I have collected old fashioned knurls over the years,and letter stamps with serifs. Nothing looks worse than to make an antique looking piece and diamond knurl it(they DID have diamond knurls even in the 18th.C..They just don't look right to me). Sin #2 is to use modern,plain GOTHIC stamps. They just RUIN the piece. If I could not find OLD stamp sets(I make them sometimes),I'd AT LEAST make a teeny straight chisel,and add the serifs as a must. The biggest problem if you can't find old,artistic stamp sets,is you don't get the beautiful 5's,2's,7's,and 6's that some of them had back then.

My favorite set must be nearly 18th.C. at least,maybe older. It has true Roman letters with thicks and thins as well as serifs. The stamps are made of crudely rolled steel,with 2 flat sides,and 2 bulged sides,from primitive rolling. AND,the striking ends were left angular from being hot cut off with a chisel. It was left to the user to grind them square. The set was never used. Typically,tools like saws were supplied unsharpened,and chisels were supplied un handled. They were frugal back then!!


The brass dividing plates are actually that deep gold color from aging. I NEVER touch the outfit without nitrile gloves because the color has developed so beautifully. I made that outfit in the 70's for my 6" rotary table,which I still AM FORCED to keep!! Have larger ones now,too.


----------



## Pontiac Freak (Sep 23, 2012)

Very nice work!


----------



## 8ntsane (Sep 23, 2012)

George

All those fine detail, and personal preferance details do make all the differance in the final result of the parts you have built. Really nice work, a work of art really.  :man:


----------



## Tony Wells (Sep 23, 2012)

I like the serifs too, but they aren't cheap sets.
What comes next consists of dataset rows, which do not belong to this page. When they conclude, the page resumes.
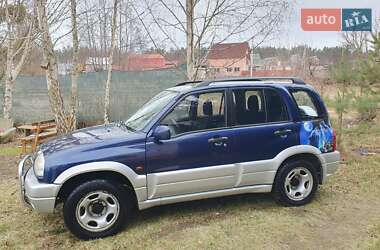 Внедорожник / Кроссовер Suzuki Grand Vitara 2004 в Киеве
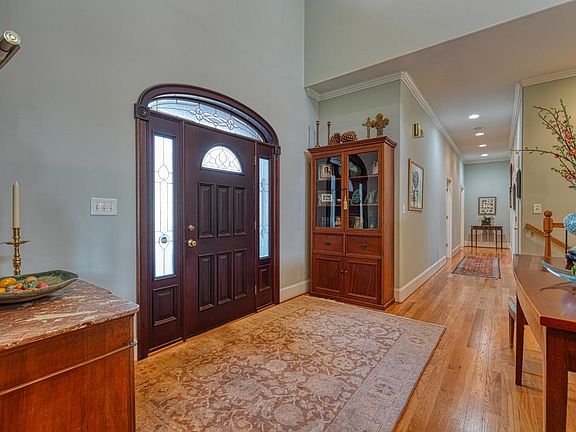 4th image of 280 Cedar Bluff Dr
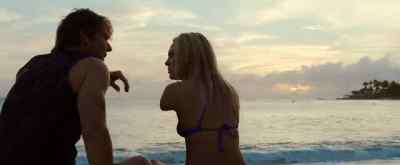 - Look at her.
- That's it. That's it, right there! - Soul Surfer
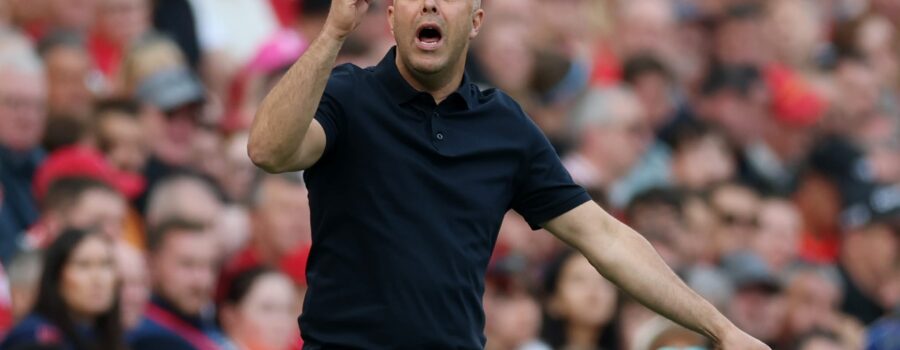 (Video) Arne Slot couldn’t hide his anguish as Andy Robertson sees stoppage-time goal disallowed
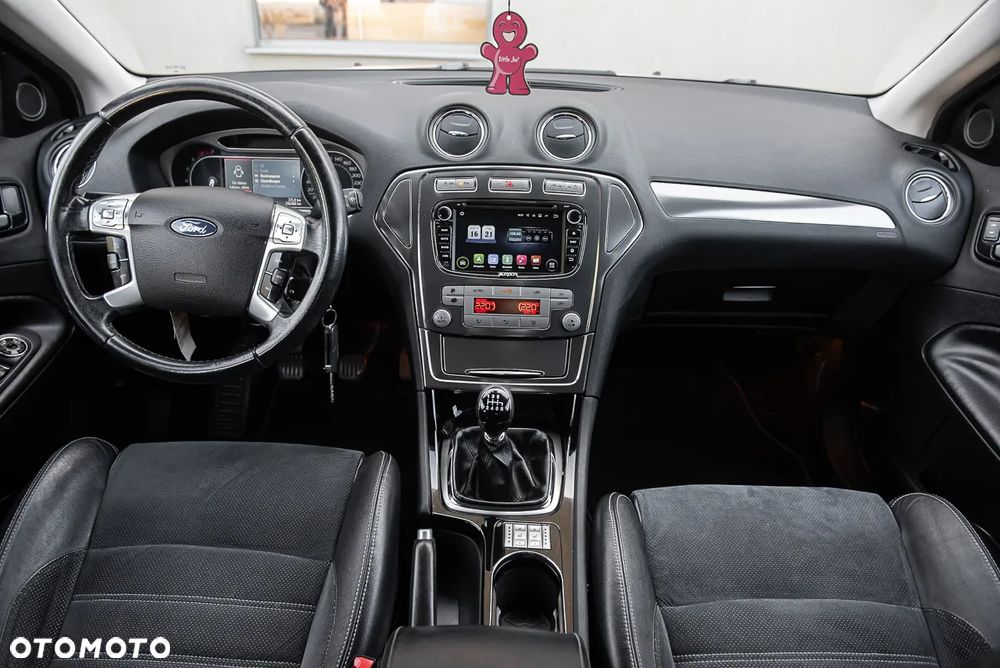 Ford Mondeo 2.5 Titanium - 27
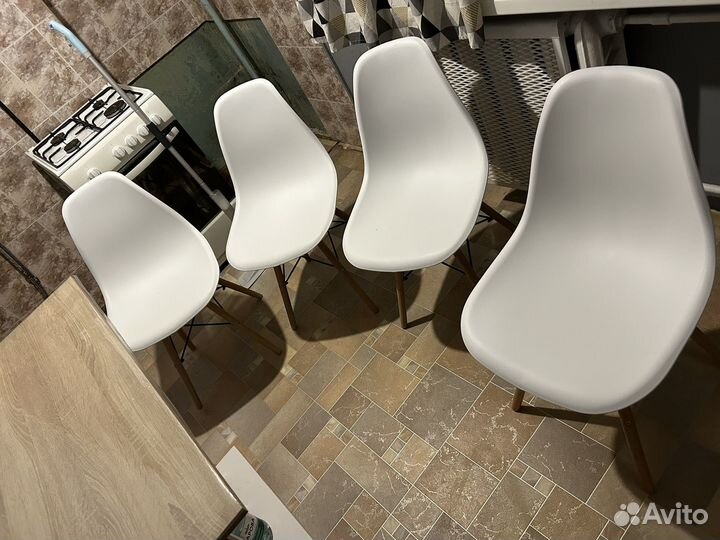 Стол со стульями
http://www.amazon.com/dp/B003L8INR0...e=asn&creative=395105&creativeASIN=B003L8INR0

I wonder about the quality of these.

http://www.etsy.com/search?includes[]=materials&q=serif+font+metal+stamp


----------



## george wilson (Sep 24, 2012)

Tony,I often find old serif sets on Ebay for MUCH less. Provided the seller's pictures are decent enough to see,and provided the idiots haven't photographed the BUTT ENDS of the stamps,as is often the case(sheesh!!!)  However,Rio Grande Jewelry supply has recently started selling a variety of stamp sets. Among them,the same stamp set you referred to,but for considerably less. However,your set is lower case,which is not desirable. Upper case is wanted. But,the upper case sets that Rio Grande sells,such as the "elite",has these cutsey little tails on their letters that turn me off. In their current catalog,Taiwan sets are about $79.00,and Chinese are about $40.00. Maybe those prices have jumped and I'm not aware. Usually Amazon prices are good.

These new made stamps are annoyingly ROUND on their stamping ends. They have big,flat areas around the letters.  I'd have to re grind those round ends away,to where I could readily see WHERE I was putting the stamp down exactly. That fact seems to have escaped current stamp makers. You're better off finding an old set for about $40.00 on Ebay. Their stamping ends taper down to near the edges of the letters,so you can see more exactly where you are placing them.


----------



## llarson (Sep 25, 2012)

I really like shiny brass, what you've shown here is pure eye candy. Great work, thanks for the show.


----------



## george wilson (Sep 25, 2012)

Like I used to say about the silversmith: "It MUST be good,it's shiny"(they buffed everything absolutely to death,spoiling details.)


----------